Write the data out again, character for character, with no images.

Data:
= Beginning of Section =
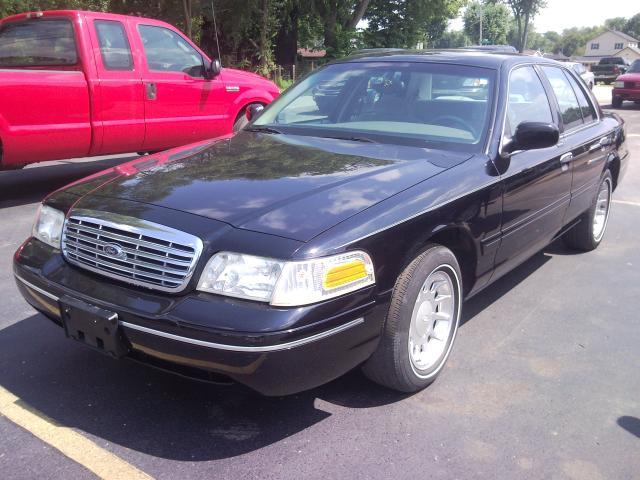 Ford Crown Victoria 2000 photo 1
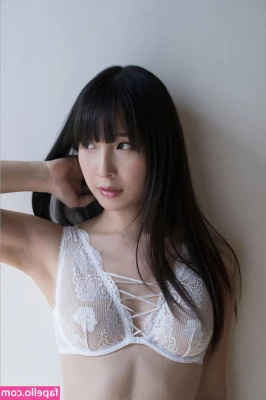 Kawasaki Aya [ kawasaki-aya ] - quieres ver lo que hace esta minita muy picara y juguetona  cuando ve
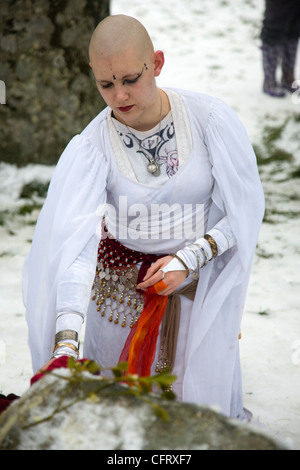 Participant au solstice d'hiver à Stonehenge Banque D'Images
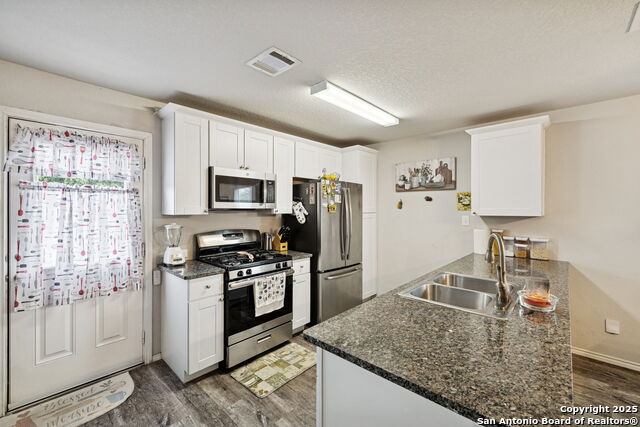 Image 18 of 52 For 6915 Gino Valley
= End of Section =
Problem solution:
 Ford Crown Victoria 2000 photo 1
 Kawasaki Aya [ kawasaki-aya ] - quieres ver lo que hace esta minita muy picara y juguetona  cuando ve
 Participant au solstice d'hiver à Stonehenge Banque D'Images
 Image 18 of 52 For 6915 Gino Valley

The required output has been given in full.